Slipping back into the cold comfort of curling in Sochi

The ebb and flow of ‘lawn bowls on ice’ makes for easy viewing despite the low temperatures indoors

Great Britain’s Skip Eve Muirhead in action during their Curling Round Robin match against Sweden at  the Ice Cube Curling Centre. Pihotograph: Andrew Milligan/PA Wire.

Great Britain’s Skip Eve Muirhead in action during their Curling Round Robin match against Sweden at the Ice Cube Curling Centre. Pihotograph: Andrew Milligan/PA Wire.

Tue, Feb 11, 2014, 01:00

The cold hits you in the face the second you close the door behind you. Harsh on the nostrils, wet on the eyes. This is it, finally. Winter cold at the Winter Olympics. You grab your coat by the sleeve-ends and zip it up to the neck.

Fish in your bag for that arctic-grade Cossack hat that seemed a bit much at the time you bought it but makes you feel pretty clever now. Take your seat and look around you, thinking what everyone else is thinking. Air conditioning is a bitch.
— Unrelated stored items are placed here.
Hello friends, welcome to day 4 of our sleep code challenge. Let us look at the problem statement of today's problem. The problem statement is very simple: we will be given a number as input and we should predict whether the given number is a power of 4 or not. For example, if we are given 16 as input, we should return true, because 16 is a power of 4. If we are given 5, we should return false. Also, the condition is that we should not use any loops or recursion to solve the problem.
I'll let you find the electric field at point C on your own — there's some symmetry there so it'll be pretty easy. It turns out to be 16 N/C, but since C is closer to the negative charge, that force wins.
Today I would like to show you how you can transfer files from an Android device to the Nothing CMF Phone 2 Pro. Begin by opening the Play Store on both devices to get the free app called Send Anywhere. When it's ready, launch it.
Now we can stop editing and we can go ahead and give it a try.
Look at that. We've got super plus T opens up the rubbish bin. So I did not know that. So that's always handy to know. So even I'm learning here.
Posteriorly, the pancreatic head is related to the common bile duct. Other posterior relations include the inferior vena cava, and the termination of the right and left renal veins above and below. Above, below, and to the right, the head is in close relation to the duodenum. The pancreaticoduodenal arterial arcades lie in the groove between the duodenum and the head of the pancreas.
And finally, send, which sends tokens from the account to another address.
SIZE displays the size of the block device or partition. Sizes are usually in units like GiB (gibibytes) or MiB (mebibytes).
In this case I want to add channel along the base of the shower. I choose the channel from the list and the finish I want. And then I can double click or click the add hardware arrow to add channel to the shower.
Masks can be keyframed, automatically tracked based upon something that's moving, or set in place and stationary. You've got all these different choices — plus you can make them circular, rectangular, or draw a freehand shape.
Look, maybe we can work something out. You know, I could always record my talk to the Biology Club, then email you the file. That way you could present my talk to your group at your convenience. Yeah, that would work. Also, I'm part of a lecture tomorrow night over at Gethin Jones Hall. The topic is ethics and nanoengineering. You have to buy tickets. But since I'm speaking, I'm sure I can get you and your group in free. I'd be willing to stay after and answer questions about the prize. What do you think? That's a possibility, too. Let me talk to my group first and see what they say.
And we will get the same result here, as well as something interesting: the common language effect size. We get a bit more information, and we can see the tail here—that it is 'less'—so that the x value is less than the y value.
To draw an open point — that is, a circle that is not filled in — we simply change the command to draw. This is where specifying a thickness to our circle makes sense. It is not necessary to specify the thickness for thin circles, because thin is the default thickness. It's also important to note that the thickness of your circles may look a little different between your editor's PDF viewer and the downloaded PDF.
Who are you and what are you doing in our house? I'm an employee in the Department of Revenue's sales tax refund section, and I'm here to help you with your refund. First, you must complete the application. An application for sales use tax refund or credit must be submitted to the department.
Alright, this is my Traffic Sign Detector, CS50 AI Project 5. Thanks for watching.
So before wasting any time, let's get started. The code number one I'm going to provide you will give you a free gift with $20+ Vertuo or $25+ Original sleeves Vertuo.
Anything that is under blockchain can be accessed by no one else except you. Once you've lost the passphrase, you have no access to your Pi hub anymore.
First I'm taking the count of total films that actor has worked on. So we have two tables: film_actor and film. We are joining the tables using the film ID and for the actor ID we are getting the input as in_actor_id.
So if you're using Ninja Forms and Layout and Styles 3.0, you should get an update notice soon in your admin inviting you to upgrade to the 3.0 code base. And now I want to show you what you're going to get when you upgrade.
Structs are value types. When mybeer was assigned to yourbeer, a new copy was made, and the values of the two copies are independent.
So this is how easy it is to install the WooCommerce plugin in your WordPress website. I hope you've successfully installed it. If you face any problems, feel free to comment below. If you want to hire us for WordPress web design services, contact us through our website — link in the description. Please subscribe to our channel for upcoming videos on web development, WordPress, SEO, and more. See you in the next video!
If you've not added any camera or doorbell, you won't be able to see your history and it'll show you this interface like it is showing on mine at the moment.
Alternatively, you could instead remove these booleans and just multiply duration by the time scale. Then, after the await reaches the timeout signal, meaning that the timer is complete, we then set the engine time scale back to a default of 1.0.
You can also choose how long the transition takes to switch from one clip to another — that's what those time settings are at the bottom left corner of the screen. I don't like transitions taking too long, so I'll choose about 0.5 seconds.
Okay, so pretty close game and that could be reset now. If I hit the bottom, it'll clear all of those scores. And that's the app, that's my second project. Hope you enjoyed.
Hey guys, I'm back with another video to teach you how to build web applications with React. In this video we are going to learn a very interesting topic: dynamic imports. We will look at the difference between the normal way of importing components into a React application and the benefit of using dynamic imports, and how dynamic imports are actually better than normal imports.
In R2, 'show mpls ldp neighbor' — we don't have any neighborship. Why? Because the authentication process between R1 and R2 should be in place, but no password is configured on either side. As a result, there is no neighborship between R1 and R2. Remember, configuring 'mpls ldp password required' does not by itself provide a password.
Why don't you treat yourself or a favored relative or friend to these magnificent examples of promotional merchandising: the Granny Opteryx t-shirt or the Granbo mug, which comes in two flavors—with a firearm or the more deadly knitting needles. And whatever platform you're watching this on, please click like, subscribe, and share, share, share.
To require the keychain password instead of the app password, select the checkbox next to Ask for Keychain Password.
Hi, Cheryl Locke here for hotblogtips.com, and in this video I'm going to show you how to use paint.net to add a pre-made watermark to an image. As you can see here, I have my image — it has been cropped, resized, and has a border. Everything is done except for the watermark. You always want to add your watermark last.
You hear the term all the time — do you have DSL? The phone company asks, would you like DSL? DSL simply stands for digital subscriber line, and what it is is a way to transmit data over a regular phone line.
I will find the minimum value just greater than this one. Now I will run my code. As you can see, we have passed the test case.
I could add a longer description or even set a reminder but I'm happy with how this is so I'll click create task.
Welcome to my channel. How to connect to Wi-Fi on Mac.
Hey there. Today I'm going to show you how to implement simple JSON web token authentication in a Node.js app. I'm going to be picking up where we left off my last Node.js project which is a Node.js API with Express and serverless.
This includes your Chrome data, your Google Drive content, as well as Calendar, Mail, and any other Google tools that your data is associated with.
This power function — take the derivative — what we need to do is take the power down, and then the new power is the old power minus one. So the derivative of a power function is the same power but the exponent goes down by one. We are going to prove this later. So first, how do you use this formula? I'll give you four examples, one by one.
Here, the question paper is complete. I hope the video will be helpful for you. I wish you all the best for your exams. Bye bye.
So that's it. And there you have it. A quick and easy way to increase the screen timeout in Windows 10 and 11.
It was another day of blue skies and warm air in Sochi yesterday, with the temperatures getting up to 16 Celsius. So balmy was it up on the mountain that they had to cancel practice on the ski jump because the snow in the landing area was melting. If you wanted any sense of what it was to be around winter sport, you had to go indoors.

To the curling, then, in the aptly named Ice Cube. For the Winter Olympics agnostic, curling is the very essence of the games. A sport to watch out of curiosity for these two weeks and then under no circumstances allow your eye to wander towards even once in the next four years. Grimly slow, monotonously watchable and quite, quite odd.


Vaguely exciting
The opening group matches held the floor at the Ice Cube all day yesterday, men in the morning and evening, women in the afternoon. We went to see the women, since it was they who made the sport’s first impression on the outside world when the British team win gold in Salt Lake 12 years ago.

When it turns out that the schoolteachery captain (actually, they say “skip” in curling) of that 2002 team is now the schoolmistressy head coach of the current side, it feels vaguely exciting.

Curling built up a cult following during those Salt Lake games, most especially among late-night wasters who didn’t want to peel themselves off the couch and go to bed.

When Rhona Martin sent down the death-or-glory last stone in the final to take gold, many of us could scarce forebear to weep. Well, we rubbed our eyes at any rate. It was about three in the morning after all and there may or may not have been drink taken.

Anyway, she’s Rhona Howie now and her team of screechy young Scots got their Olympics underway against Sweden yesterday. It only took a few ends to get the ebbs and flows and tos and fros of curling back on the eye. Lawn bowls on ice, basically.